Incentives To Rise For Home Solar Arrays

Stephan:  This is the decentralization struggle about which I have been writing.

‘I make up a little chart every day,’ Kin said. ‘This past week was sunny, so I was electricity neutral about every other day, which I’m excited about.’ Friday, Gov. Arnold Schwarzenegger is expected to sign legislation that will make it possible for more Californians to sell the electricity they produce back to their utilities at retail prices. The legislation, written by Assemblywoman Nancy Skinner (D-Berkeley), doubles to 5% the overall amount of energy that California’s investor-owned utilities must buy back. Previously, state law required electric companies to sign so-called net-metering contracts for up to only 2.5% of their load.
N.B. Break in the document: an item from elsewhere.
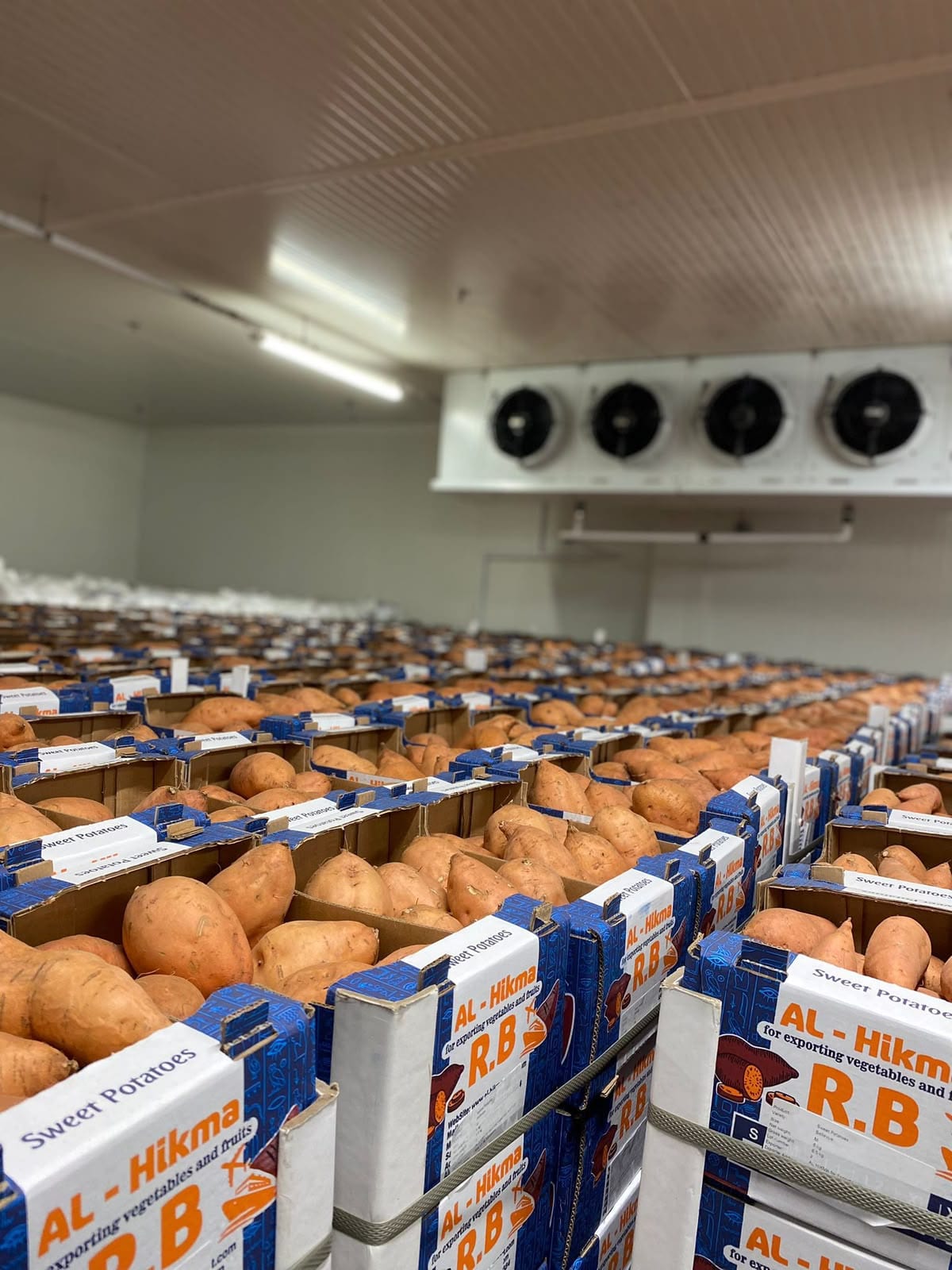 Al-Hikma 6 kg sweet potato cartons in the company's cold storage room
Solar advocates said the net-metering boost would allow consumers to recoup their investment faster, which is critical to California’s goal of installing a million rooftop arrays by 2017. Some 50,000 California homes benefit from net-metering today, a number that would need to grow rapidly if the state is to reach its goal of obtaining 3,000 megawatts from rooftop solar. California leads the nation in solar energy, accounting for more than 65% of all the solar installed in the U.S., Skinner said. ‘Net metering has been absolutely fundamental to that success,’ she said. But […]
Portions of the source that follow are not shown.